O próprio conceito de floresta é polêmico e varia de acordo com a conveniência de cada categoria científica. Numa visão mais integral, um plantio de eucalipto, principalmente do tamanho dos que comumente existem no norte e noroeste do Espírito Santo, definitivamente não pode ser chamado de floresta, devido, entre outros fatores essenciais, à baixíssima biodiversidade, como bem acentuou Edegar.



Porém, prevalece a definição estabelecida pela Organização das Nações Unidas para a Agricultura e a Alimentação (FAO/ONU) em 1948, que considera apenas a altura mínima, a área coberta no solo e a porcentagem de cobertura de copa de um aglomerado de árvores.



O Movimento Mundial pelas Florestas Tropicais (WRM, na sigla em inglês) – que reúne mais de 200 organizações em vários continentes, incluindo no Brasil – enfatizou, na última campanha pelo Dia Internacional das Florestas, celebrado em 21 de março passado, que essa definição equivocada tem sido usada como modelo para mais de 200 definições nacionais e internacionais desde 1948.



A septuagenária definição da ONU também tem pautado, prossegue o WRM, uma série de programas, isenções fiscais, benefícios, mecanismos de créditos de carbono, financiamento do Banco Mundial e certificações internacionais de sustentabilidade em todo o mundo, favorecendo a expansão de monoculturas de espécies arbóreas, como eucaliptos, pinus, seringueiras e acácias, principalmente no hemisfério sul, onde esses verdadeiros desertos verdes ocupam várias dezenas de milhões de hectares e continuam se expandindo, insustentavelmente.



“Floresta de verdade é sinônimo de diversidade”, afirmou, na época, Marcelo Calazans, coordenador regional da Federação dos Órgãos para Assistência Social e Educacional (Fase), uma das ongs brasileiras a compor o WRM. “Áreas cobertas com monoculturas para produção industrial e de ciclo curto são plantações, não são florestas”, posicionou. 

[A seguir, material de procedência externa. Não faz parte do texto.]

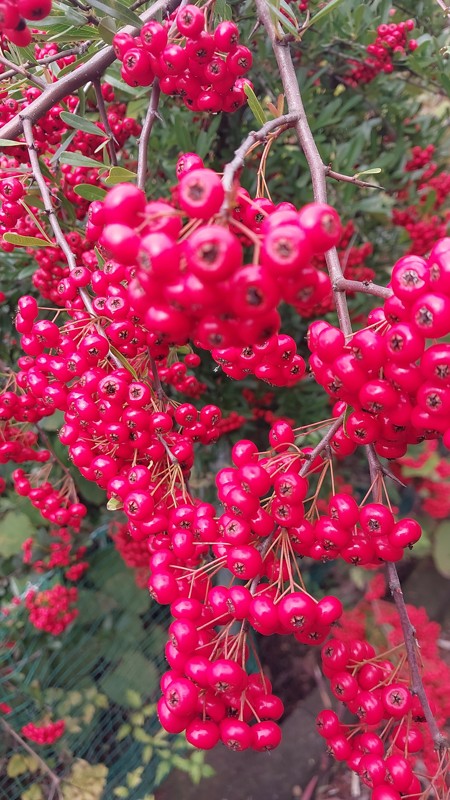 11/1 ピラカンサ!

“Querem apagar a nossa memória do que é uma floreta de verdade. Um jovem quilombola que tenha hoje 18, 20 anos, não conhece o que é a Mata Atlântica, só uma plantação de eucalipto”, diz, alertando que, dentro de 50 anos ou um pouco mais, não haverá mais essa memória viva entre essas comunidades e, cada vez menos, entre a sociedade em geral também.